§ **Exercise instructions**
Leave out the pictures and repeat every record exactly.

Source material below:

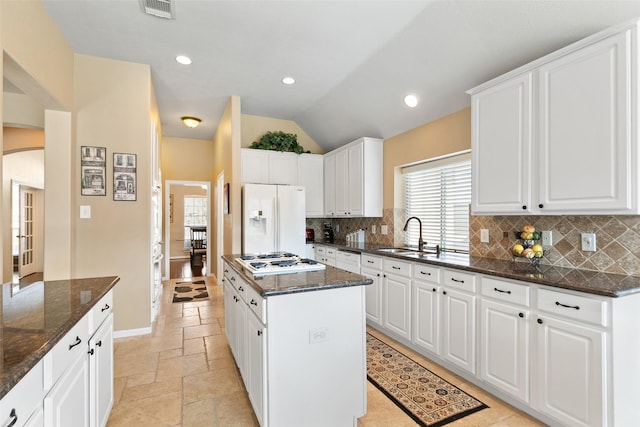 kitchen with arched walkways, stone tile floors, white appliances, a sink, and visible vents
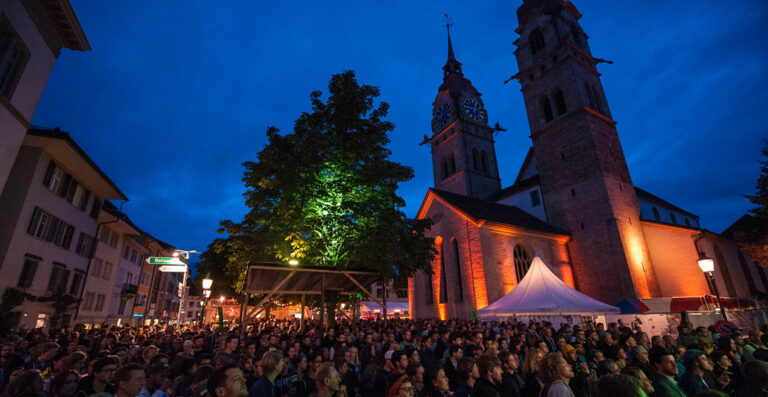 A crowded evening event in a town square with people gathered near a church with illuminated clock towers.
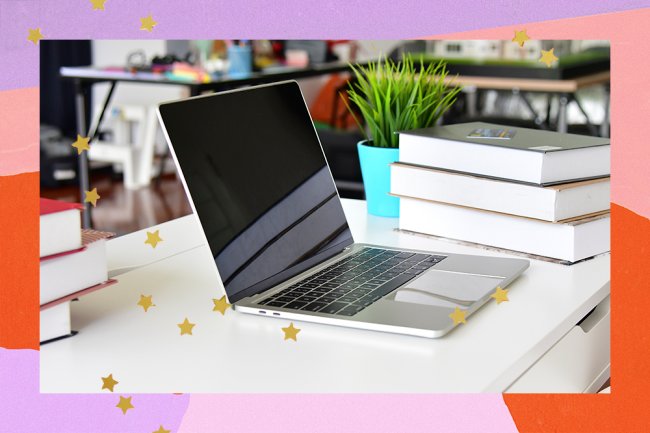 In the photo, a computer is shown under a desk next to some books and a plant.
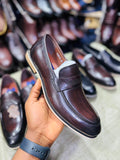 Dark brown leather penny loafer dress shoe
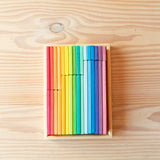 Flache, bunte Holzbausteine in einer Schachtel aus Holz, sortiert nach den vielen Farben des Regenbogens, in 5 verschiedenen Größen.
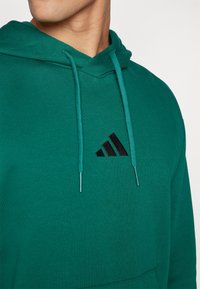Hoodie vert en tissu doux avec une poche avant, arborant un logo Adidas noir et des cordons assortis. Design simple et coupe décontractée.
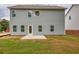 Back exterior of home with siding, a sliding glass door, and a grassy yard at 2955 Jefferson St, Austell, GA 30106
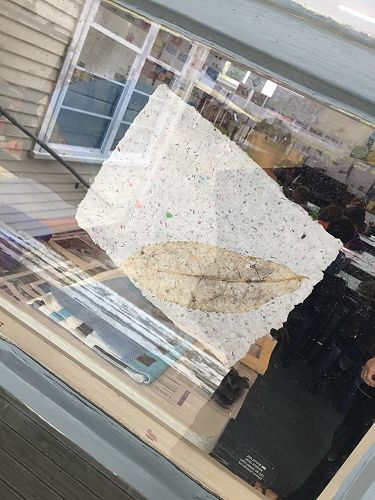 A piece of their recycled paper.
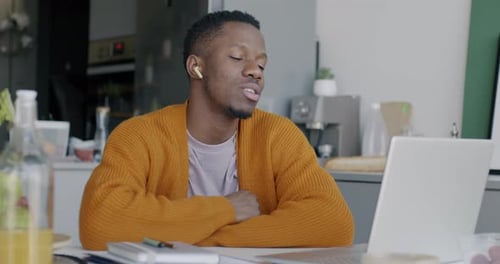 African American Man Making Online Video Call with Laptop and Wireless Earphones Talking During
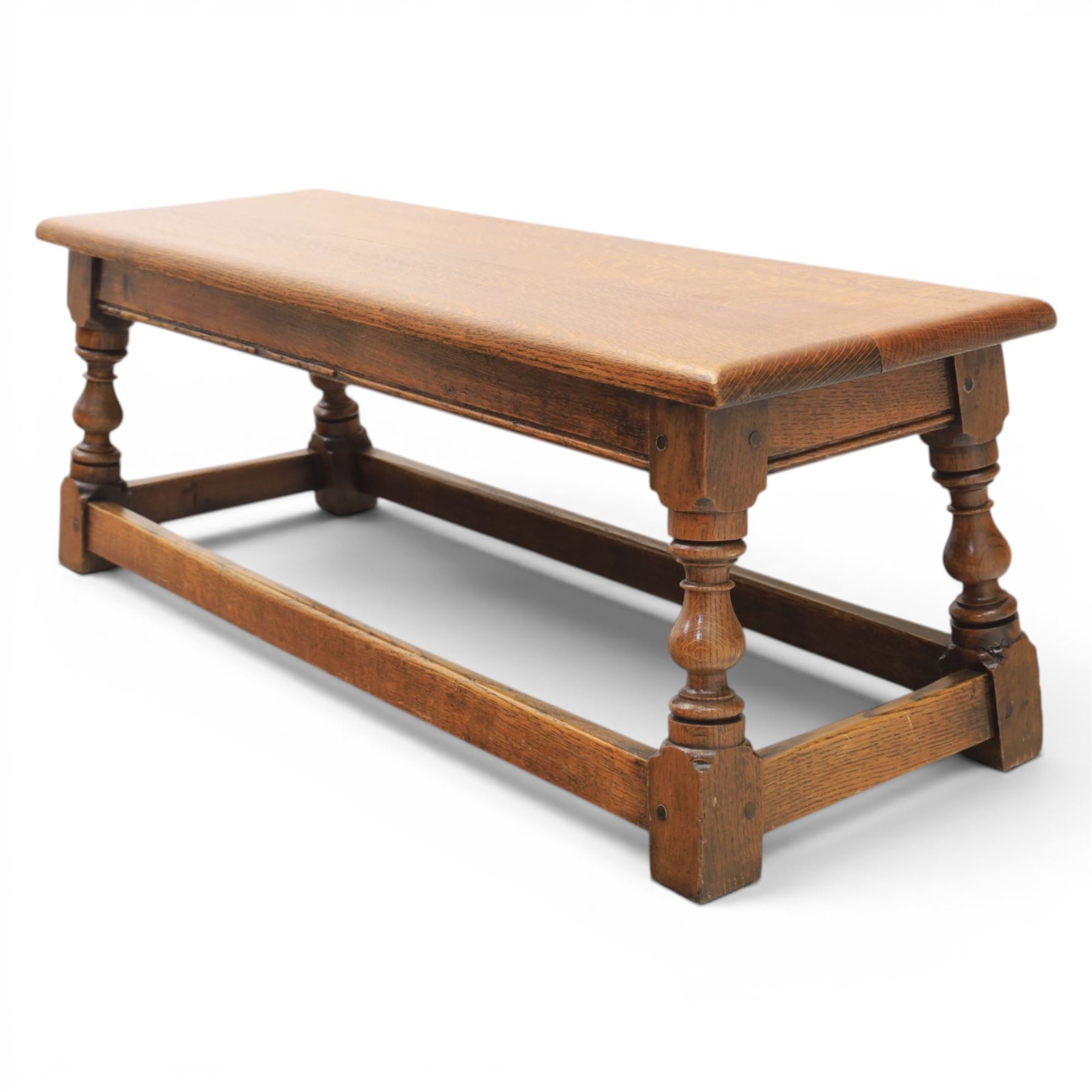 17th century style oak long joint stool, rectangular top with moulded edges, raised on turned supports united by stretchers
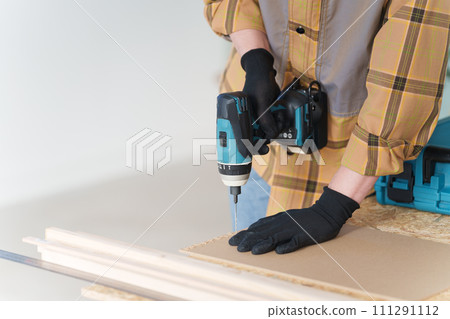 Middle-aged man doing DIY at home Middle-aged man doing DIY at home 111291112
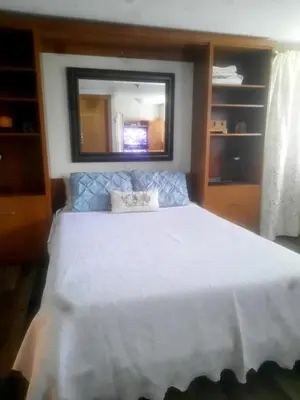 a bedroom with a large white bed with a window at Simply Suite - Sua Casa Longe de Casa in YYJ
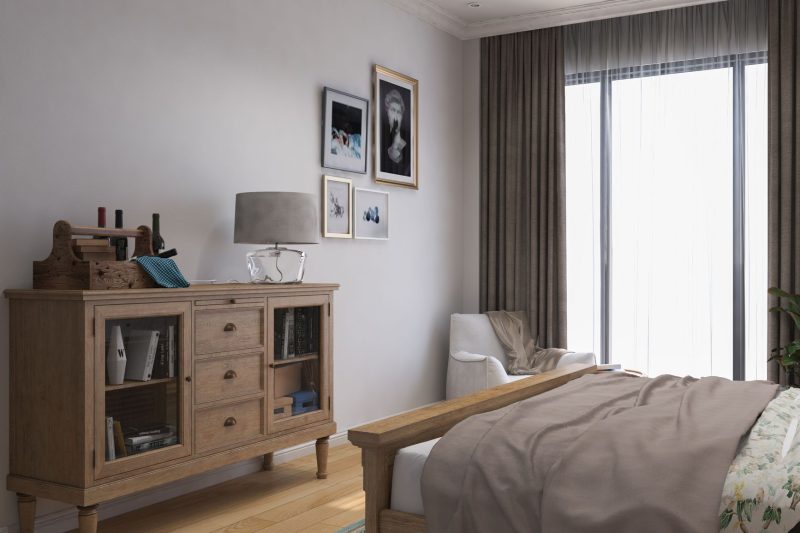 Stylish bedroom with a wooden cabinet, cozy decor, and abundant natural light.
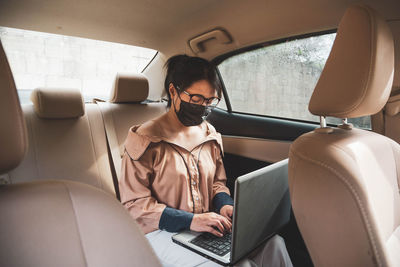 Woman sitting in car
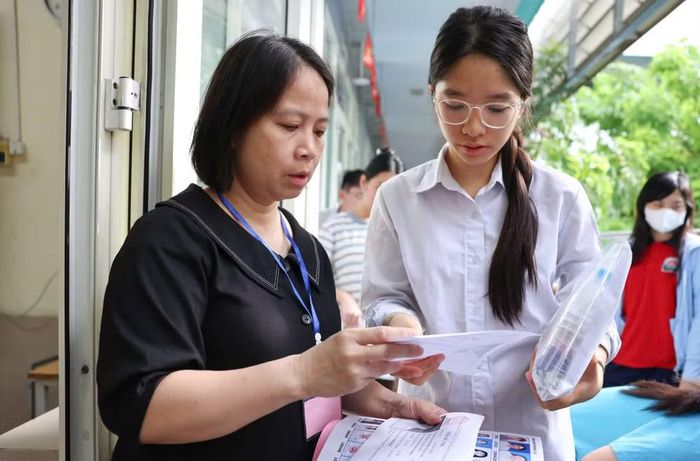  Kiểm tra thông tin trước khi thí sinh vào phòng thi. (Ảnh: ĐẠI THẮNG) 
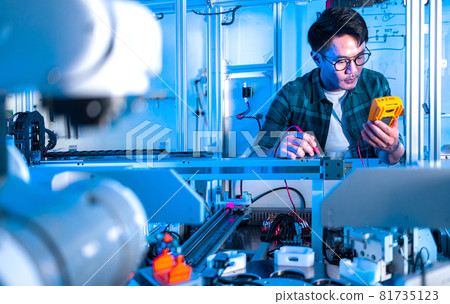 Asian Engineers Maintenance Robot Arm at Lab. they are in a High Tech Research Laboratory with Modern Equipment. Professional Japanese Development Engineer Testing an Artificial Intelligent. Asian Engineers Maintenance Robot Arm at Lab. they are in a High Tech Research Laboratory with Modern Equipment. Professional Japanese Development Engineer Testing an Artificial Intelligent. 81735123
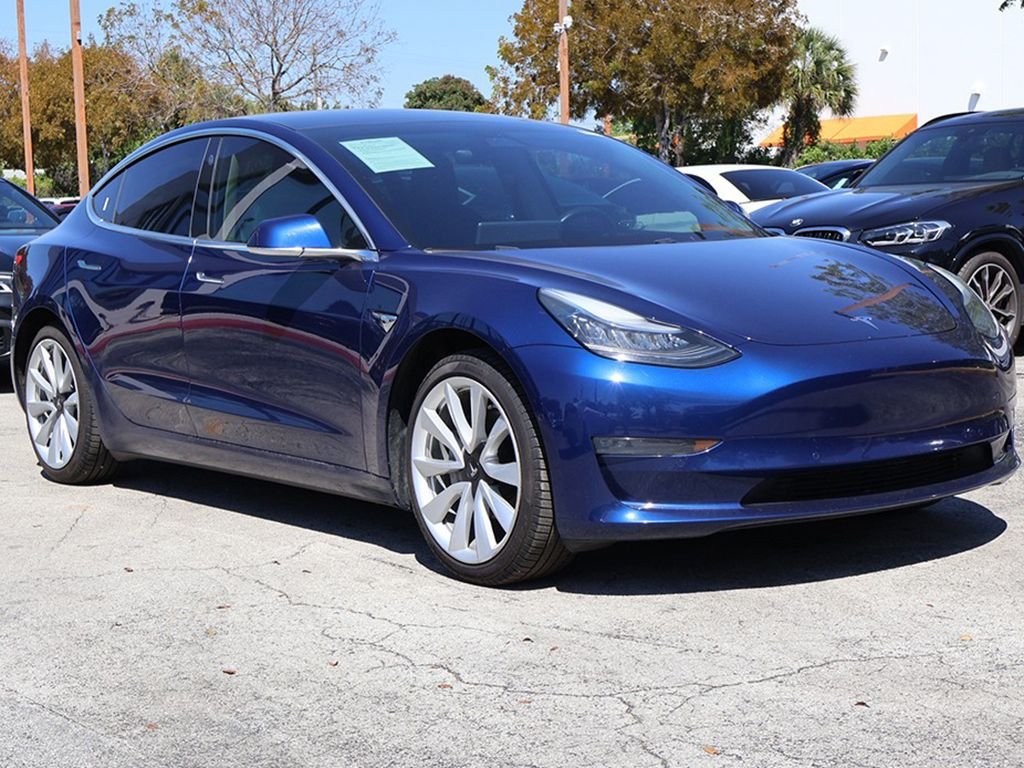 Used 2019 Tesla Model 3 Mid Range with VIN 5YJ3E1EA3KF326966 for sale in Miami, FL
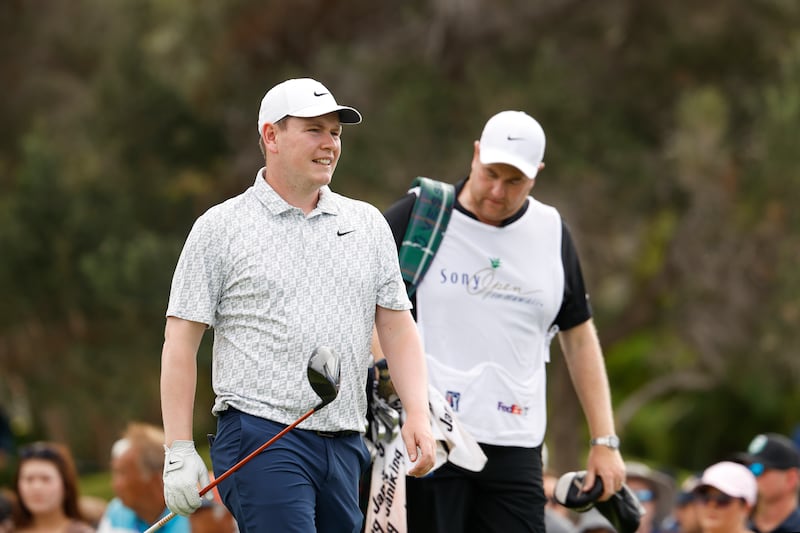Robert MacIntyre of Scotland and caddie Michael Burrow prepare to play his shot from the first tee in Hawaii. Photograph: Cliff Hawkins/Getty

End of Source material.

§ **Answer section**
 kitchen with arched walkways, stone tile floors, white appliances, a sink, and visible vents
 A crowded evening event in a town square with people gathered near a church with illuminated clock towers.
 In the photo, a computer is shown under a desk next to some books and a plant.
 Dark brown leather penny loafer dress shoe
 Flache, bunte Holzbausteine in einer Schachtel aus Holz, sortiert nach den vielen Farben des Regenbogens, in 5 verschiedenen Größen.
Hoodie vert en tissu doux avec une poche avant, arborant un logo Adidas noir et des cordons assortis. Design simple et coupe décontractée.
 Back exterior of home with siding, a sliding glass door, and a grassy yard at 2955 Jefferson St, Austell, GA 30106
 A piece of their recycled paper.
 African American Man Making Online Video Call with Laptop and Wireless Earphones Talking During
 17th century style oak long joint stool, rectangular top with moulded edges, raised on turned supports united by stretchers
 Middle-aged man doing DIY at home Middle-aged man doing DIY at home 111291112
 a bedroom with a large white bed with a window at Simply Suite - Sua Casa Longe de Casa in YYJ
 Stylish bedroom with a wooden cabinet, cozy decor, and abundant natural light.
 Woman sitting in car
  Kiểm tra thông tin trước khi thí sinh vào phòng thi. (Ảnh: ĐẠI THẮNG) 
 Asian Engineers Maintenance Robot Arm at Lab. they are in a High Tech Research Laboratory with Modern Equipment. Professional Japanese Development Engineer Testing an Artificial Intelligent. Asian Engineers Maintenance Robot Arm at Lab. they are in a High Tech Research Laboratory with Modern Equipment. Professional Japanese Development Engineer Testing an Artificial Intelligent. 81735123
 Used 2019 Tesla Model 3 Mid Range with VIN 5YJ3E1EA3KF326966 for sale in Miami, FL
Robert MacIntyre of Scotland and caddie Michael Burrow prepare to play his shot from the first tee in Hawaii. Photograph: Cliff Hawkins/Getty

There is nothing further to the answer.